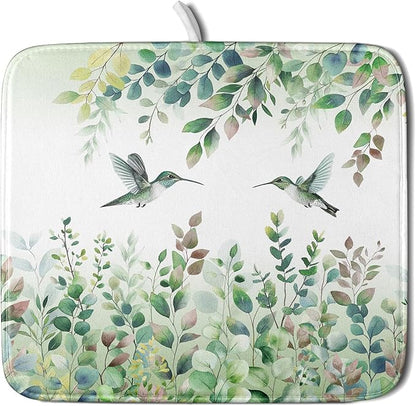 Giwawa Hummingbird Dish Drying Mat for Kitchen Countertop, Spring Summer Sage Green Eucalyptus Leaves Dish Drainer Mats, Herb Botanical Microfiber Dish Drying Pad Home Decor, 16"x18", Small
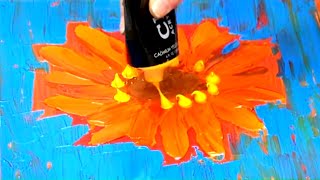 Satisfying! Easy Abstract | Colorful Sunflower | Painting Demonstration 009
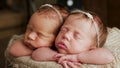 Twins sisters newborn in the winding Royalty Free Stock Photo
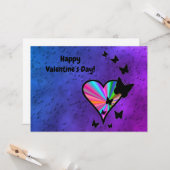 Rainboweart en vlinder kaart (Voorkant / Achterkant in situ)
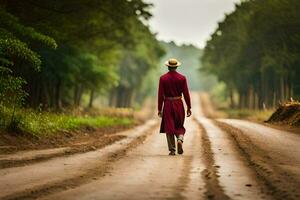 a monk walking down a dirt road. AI-Generated photo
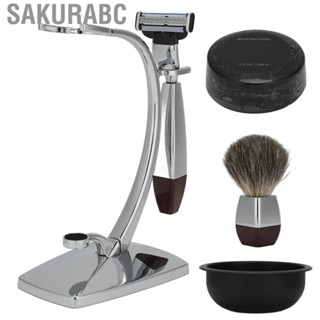 Sakurabc Beard Cleaning Tool  Shaving Bowl Light Weight Kit 100g Soap Manual Shave Razor Brush Stand Sturdy for Men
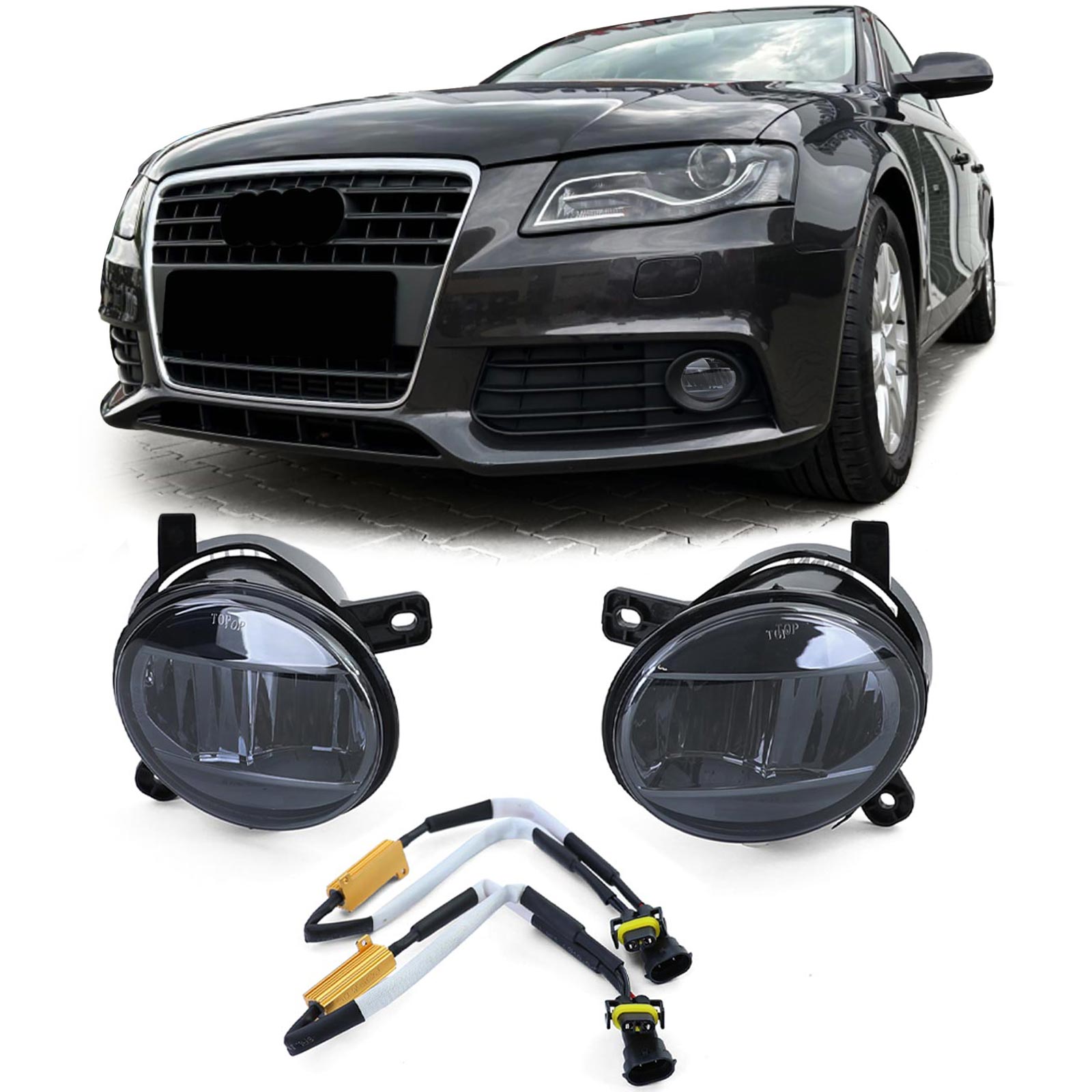 Klarglas LED Nebelscheinwerfer Schwarz Smoke für Audi A4 8K A6 4F Q5 Seat  Exeo kaufen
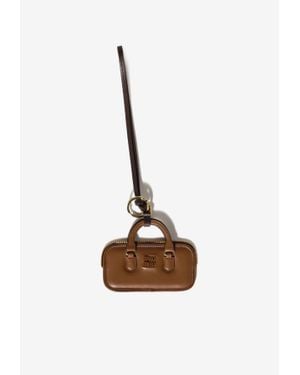 Miu Miu Arcadie Leather Trick Keyring - White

=-=-=-=-=

→ Exercise goal
Leaving out any images, restate every record word for word.

→ Answer box
 Giwawa Hummingbird Dish Drying Mat for Kitchen Countertop, Spring Summer Sage Green Eucalyptus Leaves Dish Drainer Mats, Herb Botanical Microfiber Dish Drying Pad Home Decor, 16"x18", Small
 Satisfying! Easy Abstract | Colorful Sunflower | Painting Demonstration 009
 Twins sisters newborn in the winding Royalty Free Stock Photo
 Rainboweart en vlinder kaart (Voorkant / Achterkant in situ)
 a monk walking down a dirt road. AI-Generated photo
 Sakurabc Beard Cleaning Tool  Shaving Bowl Light Weight Kit 100g Soap Manual Shave Razor Brush Stand Sturdy for Men
 Klarglas LED Nebelscheinwerfer Schwarz Smoke für Audi A4 8K A6 4F Q5 Seat  Exeo kaufen
 Miu Miu Arcadie Leather Trick Keyring - White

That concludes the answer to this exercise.